Numa dessas escutas telefónicas, João de Sousa terá dito: "temos todo o rabo entalado, estamos todos no projeto", mas, instado pela juíza a esclarecer esta afirmação, disse que se referia a projetos futuros na área das ciências forenses, que pretendia desenvolver com a sócia de Paulo Martinho e outra arguida no processo.
Confrontando com a utilização de um telemóvel exclusivo para os contactos com Paulo Martinho, João de Sousa admitiu que o objetivo era evitar eventuais escutas telefónicas, face ao receio de que alguns contactos (de Paulo Martinho) pudessem estar sob investigação das autoridades.

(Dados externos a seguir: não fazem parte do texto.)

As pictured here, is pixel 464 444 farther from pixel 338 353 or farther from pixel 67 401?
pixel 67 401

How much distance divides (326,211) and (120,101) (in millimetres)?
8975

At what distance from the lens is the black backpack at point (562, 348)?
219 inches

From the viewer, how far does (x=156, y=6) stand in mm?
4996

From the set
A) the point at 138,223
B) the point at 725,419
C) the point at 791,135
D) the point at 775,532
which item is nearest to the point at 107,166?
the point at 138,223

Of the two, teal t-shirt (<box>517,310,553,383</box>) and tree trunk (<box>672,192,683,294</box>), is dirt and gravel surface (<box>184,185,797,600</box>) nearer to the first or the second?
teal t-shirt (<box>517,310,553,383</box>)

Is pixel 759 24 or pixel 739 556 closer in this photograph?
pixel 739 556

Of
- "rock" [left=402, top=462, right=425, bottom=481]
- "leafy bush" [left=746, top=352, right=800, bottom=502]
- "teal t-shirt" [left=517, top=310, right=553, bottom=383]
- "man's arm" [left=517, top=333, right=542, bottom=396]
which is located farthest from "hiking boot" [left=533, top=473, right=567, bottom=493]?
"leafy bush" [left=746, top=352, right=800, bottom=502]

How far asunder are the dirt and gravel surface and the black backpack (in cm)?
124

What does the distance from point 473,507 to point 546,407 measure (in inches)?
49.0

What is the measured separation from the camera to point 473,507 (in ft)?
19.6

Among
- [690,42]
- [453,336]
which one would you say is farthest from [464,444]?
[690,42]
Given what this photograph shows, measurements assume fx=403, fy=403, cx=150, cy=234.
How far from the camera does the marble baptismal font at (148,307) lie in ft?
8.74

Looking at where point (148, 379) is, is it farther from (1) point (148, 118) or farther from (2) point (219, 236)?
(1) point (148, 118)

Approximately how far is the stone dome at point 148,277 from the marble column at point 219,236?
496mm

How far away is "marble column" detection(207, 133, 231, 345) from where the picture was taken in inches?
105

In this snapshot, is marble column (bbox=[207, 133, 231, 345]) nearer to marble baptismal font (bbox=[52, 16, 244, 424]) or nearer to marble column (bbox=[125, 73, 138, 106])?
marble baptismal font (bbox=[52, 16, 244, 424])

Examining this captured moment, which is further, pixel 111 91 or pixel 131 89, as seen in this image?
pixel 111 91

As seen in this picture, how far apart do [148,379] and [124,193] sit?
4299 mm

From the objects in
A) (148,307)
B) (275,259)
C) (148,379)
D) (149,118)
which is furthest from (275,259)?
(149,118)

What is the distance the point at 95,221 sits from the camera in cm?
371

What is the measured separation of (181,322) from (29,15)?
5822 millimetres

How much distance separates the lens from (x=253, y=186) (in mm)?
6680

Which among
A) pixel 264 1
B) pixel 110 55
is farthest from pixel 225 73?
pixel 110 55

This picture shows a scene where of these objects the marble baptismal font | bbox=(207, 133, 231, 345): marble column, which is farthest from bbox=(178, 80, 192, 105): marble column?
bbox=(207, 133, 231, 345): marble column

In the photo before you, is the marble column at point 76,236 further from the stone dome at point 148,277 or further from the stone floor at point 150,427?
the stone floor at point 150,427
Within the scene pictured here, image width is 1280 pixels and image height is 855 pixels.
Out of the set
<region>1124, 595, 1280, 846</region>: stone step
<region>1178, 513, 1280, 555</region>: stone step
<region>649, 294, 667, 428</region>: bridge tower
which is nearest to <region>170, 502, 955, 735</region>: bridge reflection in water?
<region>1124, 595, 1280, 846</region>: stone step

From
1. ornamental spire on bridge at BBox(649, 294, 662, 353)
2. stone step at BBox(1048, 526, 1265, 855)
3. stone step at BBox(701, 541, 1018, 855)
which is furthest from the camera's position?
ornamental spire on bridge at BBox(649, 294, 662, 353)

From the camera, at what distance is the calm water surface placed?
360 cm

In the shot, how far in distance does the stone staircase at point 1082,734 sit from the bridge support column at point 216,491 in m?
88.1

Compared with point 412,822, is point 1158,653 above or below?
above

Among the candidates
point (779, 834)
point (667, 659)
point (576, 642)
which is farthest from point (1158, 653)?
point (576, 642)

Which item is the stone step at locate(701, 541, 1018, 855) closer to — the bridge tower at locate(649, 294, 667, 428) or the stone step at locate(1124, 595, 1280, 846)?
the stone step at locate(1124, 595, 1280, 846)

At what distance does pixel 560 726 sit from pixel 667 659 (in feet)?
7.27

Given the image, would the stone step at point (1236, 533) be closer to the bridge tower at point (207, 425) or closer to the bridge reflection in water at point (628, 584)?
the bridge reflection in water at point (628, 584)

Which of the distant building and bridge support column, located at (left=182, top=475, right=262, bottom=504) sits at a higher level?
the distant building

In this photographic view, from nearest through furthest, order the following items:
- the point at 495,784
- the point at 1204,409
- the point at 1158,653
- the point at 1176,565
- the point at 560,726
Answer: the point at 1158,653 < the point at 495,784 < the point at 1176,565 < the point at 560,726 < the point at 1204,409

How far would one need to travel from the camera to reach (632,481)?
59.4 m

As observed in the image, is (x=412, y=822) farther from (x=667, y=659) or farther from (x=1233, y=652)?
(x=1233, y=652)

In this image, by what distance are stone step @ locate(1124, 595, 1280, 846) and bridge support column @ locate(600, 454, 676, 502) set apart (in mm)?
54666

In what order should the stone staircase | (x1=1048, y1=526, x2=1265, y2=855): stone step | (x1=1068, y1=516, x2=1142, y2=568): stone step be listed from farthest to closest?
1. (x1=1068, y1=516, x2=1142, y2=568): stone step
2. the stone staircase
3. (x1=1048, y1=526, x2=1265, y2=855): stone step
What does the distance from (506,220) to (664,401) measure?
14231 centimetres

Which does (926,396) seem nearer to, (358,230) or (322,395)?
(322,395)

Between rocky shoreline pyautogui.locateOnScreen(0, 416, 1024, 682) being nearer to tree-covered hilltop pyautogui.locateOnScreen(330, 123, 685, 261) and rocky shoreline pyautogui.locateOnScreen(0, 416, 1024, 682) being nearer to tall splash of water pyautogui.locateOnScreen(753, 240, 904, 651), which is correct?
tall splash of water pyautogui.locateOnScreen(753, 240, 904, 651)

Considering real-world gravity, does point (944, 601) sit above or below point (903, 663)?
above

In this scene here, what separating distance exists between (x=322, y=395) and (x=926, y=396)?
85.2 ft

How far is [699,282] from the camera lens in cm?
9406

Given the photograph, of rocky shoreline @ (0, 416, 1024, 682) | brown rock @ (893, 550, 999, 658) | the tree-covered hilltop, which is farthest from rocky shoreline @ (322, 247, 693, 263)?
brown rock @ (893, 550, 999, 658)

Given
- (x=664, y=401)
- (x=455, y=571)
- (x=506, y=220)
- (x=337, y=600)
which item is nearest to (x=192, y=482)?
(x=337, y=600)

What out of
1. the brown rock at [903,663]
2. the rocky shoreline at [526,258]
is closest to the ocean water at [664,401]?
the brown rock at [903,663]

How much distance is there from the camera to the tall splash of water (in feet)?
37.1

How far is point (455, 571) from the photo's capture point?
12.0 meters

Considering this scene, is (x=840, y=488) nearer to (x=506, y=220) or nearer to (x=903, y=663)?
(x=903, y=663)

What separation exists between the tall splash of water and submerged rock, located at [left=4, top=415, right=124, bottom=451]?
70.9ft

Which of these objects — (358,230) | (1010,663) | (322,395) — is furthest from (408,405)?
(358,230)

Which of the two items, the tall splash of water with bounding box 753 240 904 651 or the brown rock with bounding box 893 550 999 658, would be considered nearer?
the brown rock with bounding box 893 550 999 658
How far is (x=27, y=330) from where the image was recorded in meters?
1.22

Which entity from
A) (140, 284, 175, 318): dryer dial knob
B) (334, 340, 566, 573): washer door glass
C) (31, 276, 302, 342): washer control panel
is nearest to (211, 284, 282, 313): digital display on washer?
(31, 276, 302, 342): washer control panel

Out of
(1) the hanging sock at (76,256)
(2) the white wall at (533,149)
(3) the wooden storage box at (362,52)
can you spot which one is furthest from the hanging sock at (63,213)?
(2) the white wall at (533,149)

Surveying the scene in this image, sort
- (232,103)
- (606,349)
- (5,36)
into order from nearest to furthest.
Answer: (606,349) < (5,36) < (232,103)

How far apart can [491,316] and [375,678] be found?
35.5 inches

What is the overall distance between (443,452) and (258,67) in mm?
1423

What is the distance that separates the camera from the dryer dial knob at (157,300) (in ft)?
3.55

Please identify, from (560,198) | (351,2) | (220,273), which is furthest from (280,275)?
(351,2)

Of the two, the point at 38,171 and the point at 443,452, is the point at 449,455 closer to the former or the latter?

A juíza confrontou também o arguido João de Sousa com as pesquisas efetuadas no sistema informático da Polícia Judiciária, dizendo que, entre janeiro de 2013 e março de 2014, o inspetor da PJ utilizou mais vezes a base de dados ao serviço de Paulo Martinho do que ao serviço da Polícia Judiciária.
O inspetor da Judiciária de Setúbal admitiu ter efetuado várias pesquisas no sistema informático da Polícia Judiciária sobre alguns dos arguidos do processo e sobre algumas pessoas que suscitavam dúvidas a Paulo Martinho, mas negou sempre que o fizesse com intenção de o alertar sobre qualquer investigação policial.

Despacho de acusação
Segundo o despacho de acusação do Ministério Público, oito dos arguidos, em data não determinada, “decidiram constituir um grupo destinado à aquisição, em larga escala, de objectos em ouro no mercado nacional que posteriormente seriam fundidos, transformados em barras e vendidos no mercado internacional”. A acusação sustenta ainda que o suposto grupo criminoso operava num mercado que teve um exponencial crescimento, “fruto das elevadas cotações do ouro no mercado internacional”, e no contexto de “uma crise que se instalou em Portugal desde 2008 e que levou muitos portugueses a desfazerem-se de bens e joias de família”.
Ainda de acordo com o Ministério Público, o grosso do negócio era feito, à parte, ou seja, escamoteado às autoridades tributárias, financeiras e judiciárias, sendo que, as barras de ouro eram inicialmente transportadas para a Bélgica por via aérea, por dois arguidos, e, mais tarde, por razões de segurança, através de uma empresa especializada.
O julgamento prossegue na próxima segunda-feira, a partir das 9h30, no Tribunal do Seixal.